1989 was the year of the Basel Convention, officially named the Basel Convention on the Control of Transboundary Movements of Hazardous Wastes and Their Disposal. An international treaty designed to reduce the movements of hazardous waste between nations, it is meant to prevent transfer of hazardous waste from developed to less developed countries. It does not address radioactive waste. As of 2020, the United States signed, but never ratified the treaty. A 1989 board game, NIMBY “The Game of Toxic Waste,” was custom made in a signed limited edition of 25 copies, to dramatize and satirize this topic. The game was a gift to The Strong in 2019.

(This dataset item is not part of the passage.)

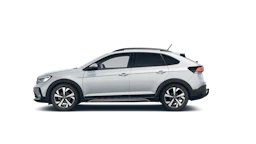 Reflex Silver -metalliväri Volkswagen Taigo 2026 kuva 4.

The donor’s father managed a Texas oil refinery and it’s likely the game’s designer, also a Texan, had ties to that industry. Scholars cite 1980 as the year the acronym NIMBY, meaning “not in my back yard,” was coined, although some believe the phrase, minus the acronym, appeared earlier in the toxic waste disposal industry. The game’s play resembles Monopoly, except the winner is the player who can transport and remove barrels of toxic waste—represented by black plastic barrels carried in the beds of clever plastic pickup truck pawns―for the least amount of money. A player can achieve that objective by legal (safer) or illegal (riskier) means. The game is loaded with realistic hazards such as rough roads (slower progress), weigh stations (full stop, perhaps a bribe?), and speed traps. In play, taking risks by breaking the law is likely to result in a cheaper, faster victory. The game thumbs its satirical nose at NIMBYs and NIMBYism.

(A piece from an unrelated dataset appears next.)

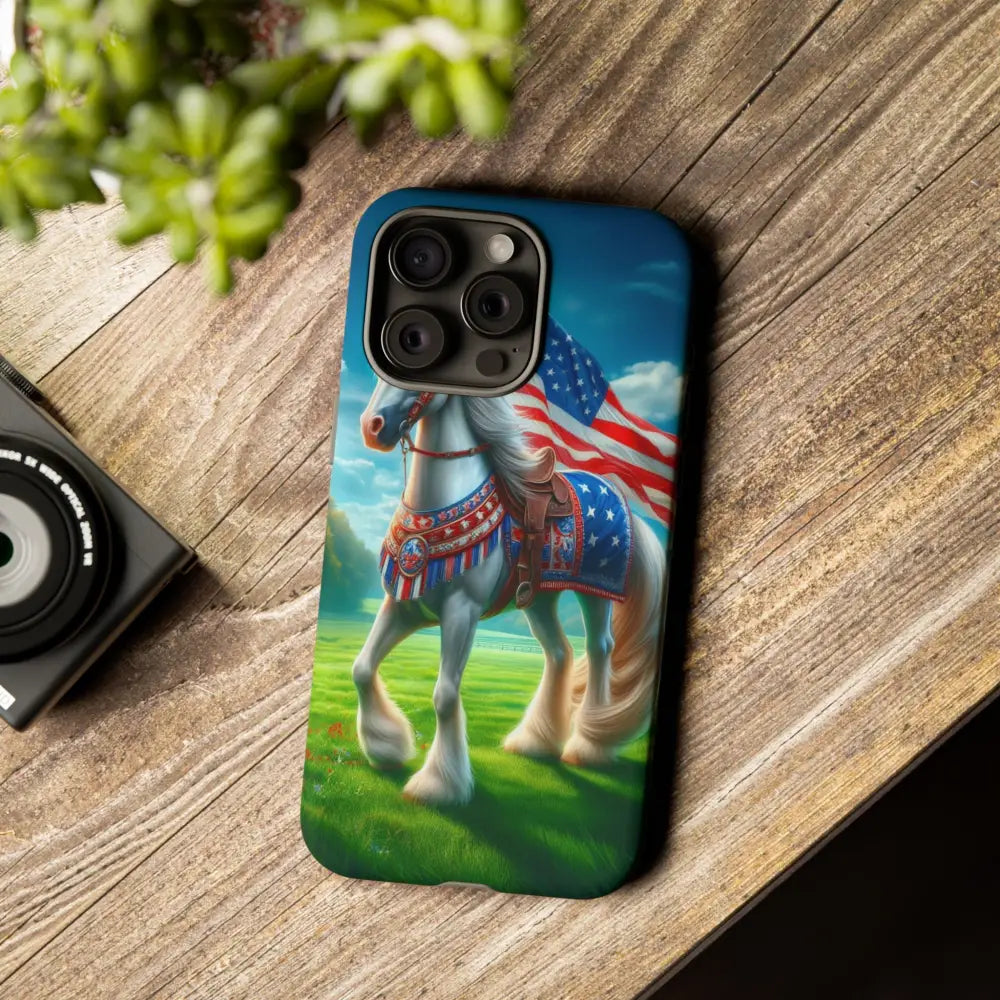 Patriotic iPhone Cell Phone Case Smart Phone Covers iPhone Tough Cases Phone Case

Politics aside, the designer created an attractive game which is probably a blast to play. In gaming, who doesn’t like to pretend to outsmart the law? And I call the game board a vision in (petroleum-based) vinyl. I also learned plenty of pejorative acronyms after a quick search for NIMBY on Wikipedia. Not to mention the toxicity problems nations still face, such as the June 2019 explosions at the Philadelphia Energy Solutions Refining Complex. Are you ready for a sneaky, snarky, satirical game of NIMBY? Not in my back yard!